Спрятаться к себе в кабинет. Сидеть и ждать конца.
Покурить. «Осталась только пригоршня махры...» Когда все хорошо, то живешь и жизни не замечаешь. Хотя в нашем деле «все хорошо» не бывает, но более или менее — да. Весь прошлый год был хороший. Клапаны изобрели. Сашу прооперировали удачно. Камеру стали энергично проектировать, казалось, вот скоро падут последние стены крепости сердца.
Люди все казались хорошими. Обстановка: «Ничего, притрется». Вот кибернетики создадут большие машины, наладят планирование. Начинается наступление на психику. Такие вот Саши разгадают «программы поведения». Моделируют их. Рассчитают воспитательные воздействия — и так спокойно поедем в лучшее будущее. Леночку воспитываю, вижу, чего можно добиться, если настойчиво и с любовью... И сам кажешься таким благородным, бескорыстным. Душой не кривишь нигде. Разве что промолчишь, когда надо бы сказать. Но не будешь же шум поднимать из-за пустяков? В общем-то все хорошо и правильно.
Скоро ли это кончится? И вообще все скоро ли?
А впереди еще похороны. Пойти — может, родственникам будет противно смотреть на мое лицо. «Пришел на похороны своих жертв». Не прийти — опять: «Бессовестный, угробил и даже последний долг не отдал».
Обязан идти. Пусть все смотрят.
Если бы врачи ходили за гробом своих пациентов, наверное, никто бы не стал врачевать.
Но иногда стоило бы заставлять кое-кого.
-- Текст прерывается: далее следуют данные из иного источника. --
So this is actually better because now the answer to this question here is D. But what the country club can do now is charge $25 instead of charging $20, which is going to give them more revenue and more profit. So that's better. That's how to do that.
Впрочем, на тех, кого нужно заставлять, не подействует.
Мрачно все сегодня выглядит. Да иначе и не может. «Субъективность восприятия», — как Саша писал.
Домой позвонить? Нет, не могу. Леночка небось спрашивает: «Что же дедушки нет?»... А муж у Нади молодой, женится. Думаешь, так просто? А любовь? У той женщины, матери, видимо, никого больше нет. Ей никто не заменит сына.
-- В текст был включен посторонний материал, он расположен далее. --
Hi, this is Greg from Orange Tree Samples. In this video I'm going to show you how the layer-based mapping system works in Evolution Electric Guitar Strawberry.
Трагедия. Чем она отличается от всех других, какие в клиниках, как наша, не редкость? Тоже — дочери, отцы, Сима, Юля, Степан Афанасьевич... Или другие — с митральными стенозами и с дефектами перегородок.
Они больные. Будто они свыше отмечены, не людьми. И тем более — не мной. Я уж потом приложил руку. Приложил руку.
В ад. По старой номенклатуре там нет такого наказания. Может быть, не знаю классификации? Или есть нововведения?
Интересно моя тетка, старуха, рассказывала об аде: «Это не вечный огонь, не черти, не сковороды каленые. Это ничто, полное уничтожение. А рай — это еще жизнь, деятельность». Как она хорошо верила, умно. И жила так же.
Ничто — это верно. Вот только рая нет. Но можно и к этому привыкнуть. Человека можно приучить ко всему.
Пять тысяч камикадзе было в Японии в последнюю войну. Все погибли. Да еще другие смертники — на суше, во флоте. За микадо. Подумать только! За жалкого человека, волею судеб поставленного у власти. Вот что можно сделать с людьми. Поражает. Сам видел таких смертников в Маньчжурии.
Нет, это не люди будущего. Не нужно делать людей фанатиками. Счастье нужно строить на разуме.
Не хочется ни о чем думать. Голова тупая и тяжелая.
Можно, наверное, пустить родителей? Кажется, они держатся мужественно. У матери Алеши совсем застывшее лицо. Если попросят — пущу.
Опять кто-то идет. Стоит у двери.
— Да, входите, если нужно.
Это Виктор Петрович. Не хочу его видеть.
— Что скажете?
— Хочу рассказать, что прокурор спрашивал.